Akamai today added an ability to run workloads based on artificial intelligence (AI) inference engines across its distributed cloud computing network.
The Akamai Cloud Inference service will make it possible to deploy AI inference engines closer to the sources of data that drive them, using a content delivery network (CDN), says Ari Weil, vice president of product marketing for Akamai. “We built cloud services into our CDN,” he adds.
Akamai also provides access to application development tools from NVIDIA, including Triton, TAO Toolkit, TensorRT, and NVFlare to optimize the performance of AI inference models.
The company has also partnered with VAST Data to provide latency-sensitive AI models with access to real-time data along with support for vector databases such as Aiven and Milvus, to enable retrieval augmented generation (RAG).

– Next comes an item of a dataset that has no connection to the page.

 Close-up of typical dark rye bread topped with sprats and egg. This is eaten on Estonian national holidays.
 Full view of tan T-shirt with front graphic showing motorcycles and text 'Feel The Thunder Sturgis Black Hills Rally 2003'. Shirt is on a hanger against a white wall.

Additionally, Akamai provides access to a distribution of Kubernetes optimized for the network edge that is gained with the acquisition of Linode, along with support for open source extensions such as Kubeflow, KServe and SpinKube that enable IT teams to build and deploy AI models. That latter project was developed by Fermyon Technologies, which is now making its Web Assembly serverless computing framework available as an Akamai service.
As IT organizations begin to deploy AI applications many of them are starting to encounter latency issues that require them to, for example, deploy AI inference engines as close to the network edge as possible. The Akamai Cloud Inference service makes it possible to deploy those inference engines for both predictive and generative AI models in a way that improves throughput by as much as a factor of three, while reducing latency up to as much as 2.5x, said Weil.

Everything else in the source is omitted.